I sold something to my customer and the invoice is:
1271,19 + 228,81 ( Tax %18 ) = 1500
Customer paid 500 for this invoice. When I generate the profit & loss statement on accrual basis, it shows:
Income
- Sales of inventory item = 1271,19
On cash basis:
Income
- Sales of inventory item = 423,72
But for me, it would be more useful if it would show:
Accrual basis:
Income
- Sales of inventory item = 1500
Expense
- Tax payable = 228,81
Net = 1271,19
Cash basis:
Income
- Sales of inventory item = 500
Expense
- Tax Payable = 76,28
Net = 423,72
Why I want this function like this?
500 is taken by salesman from the customer but in profit & loss statement it appears as 423,72. This is not real report. And sometimes there is no tax on invoice so I can’t calculate the total. If my suggestion applied, the problem disappear.

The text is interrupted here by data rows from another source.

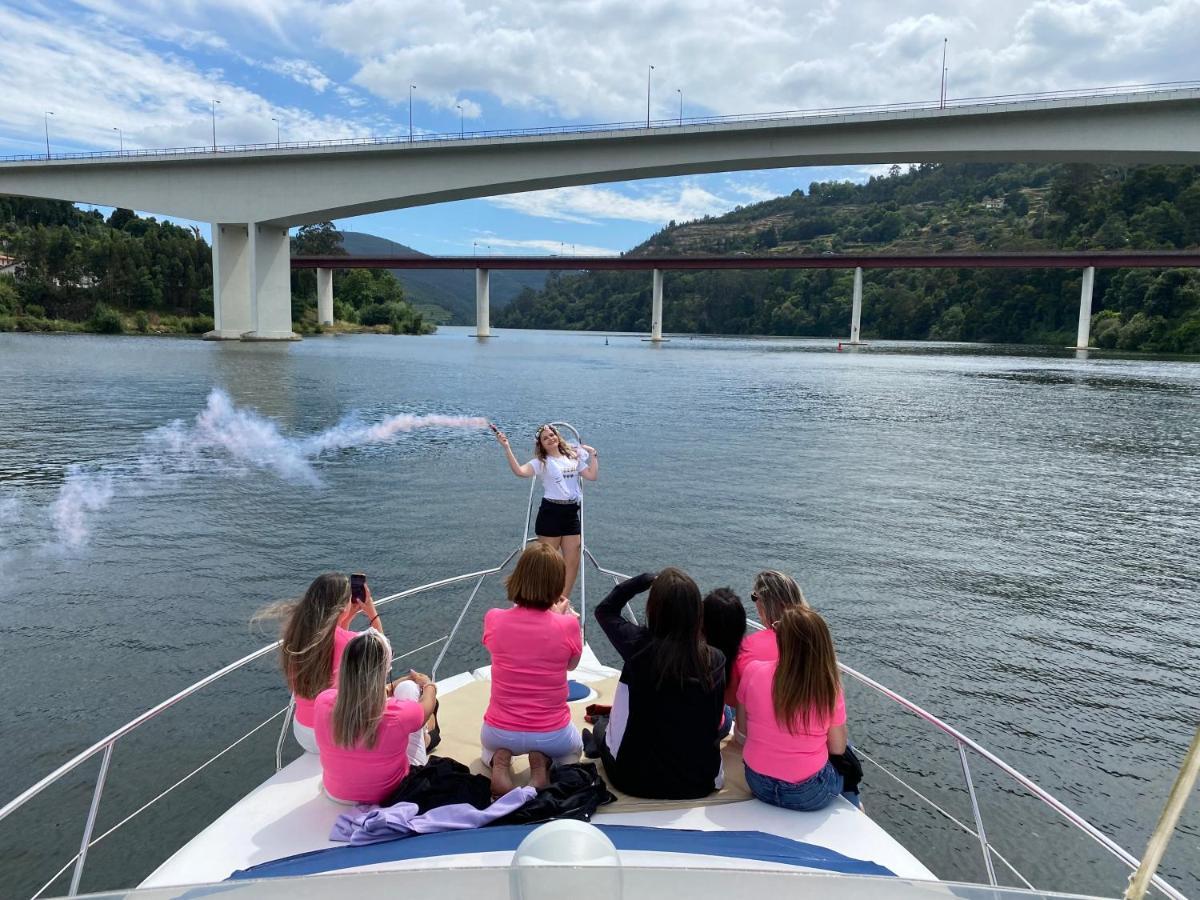 Hotel Aquadouro Yacht Radames - Sleep Boat Experience Castelo de Paiva Exterior foto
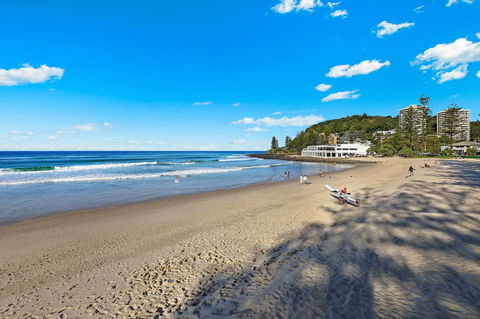 Pacific Regis Beachfront Holiday Apartments - Southport Accommodation 2
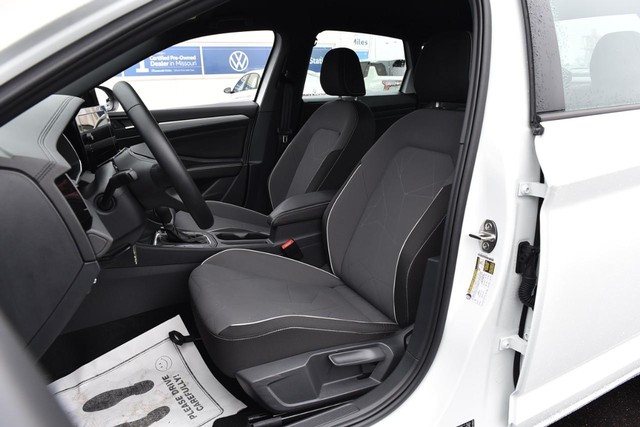 Volkswagen Jetta Vehicle Image 19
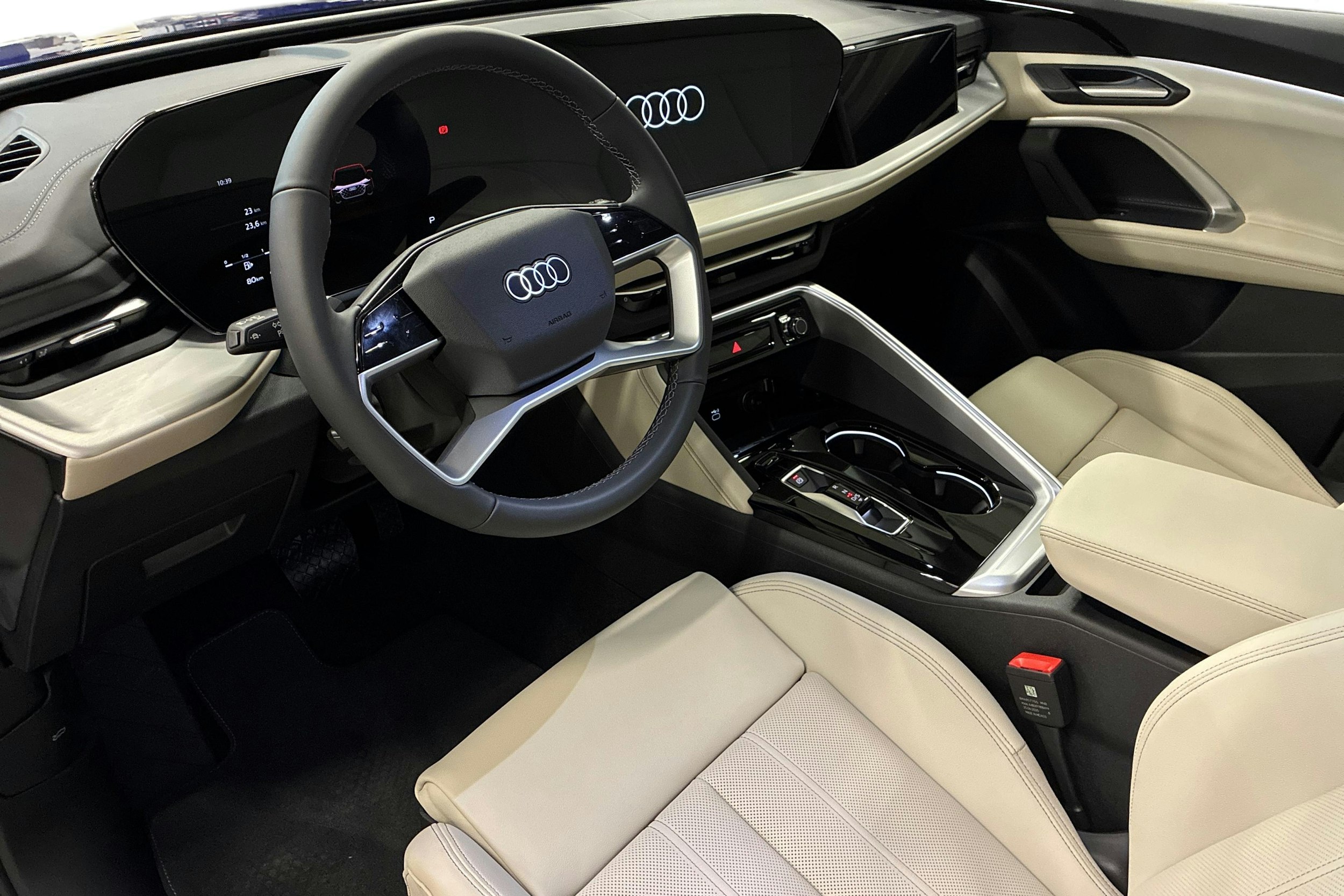 sininen Audi Q5 2025 kuva 6.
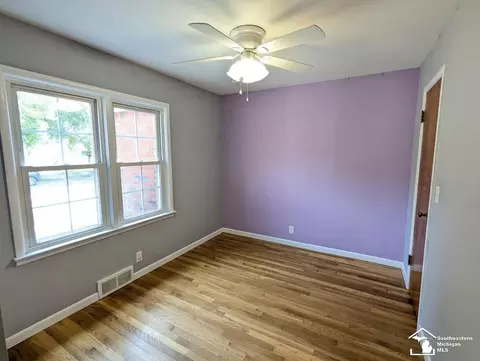 Bedroom - 806 Wolverine, Monroe, MI 48161 photo 2 of 4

I found another solution. If you add a tracking codes into balance sheet, cash summary, trial balance and general ledger summary report, the problem is solved.
First of all, sale amounts on profit & loss statement should always be as per accounting standards shown as tax-exclusive so this is not up to negotiation.
What you really want is some simple report that will show amounts invoiced by tracking code for specific period of time, right?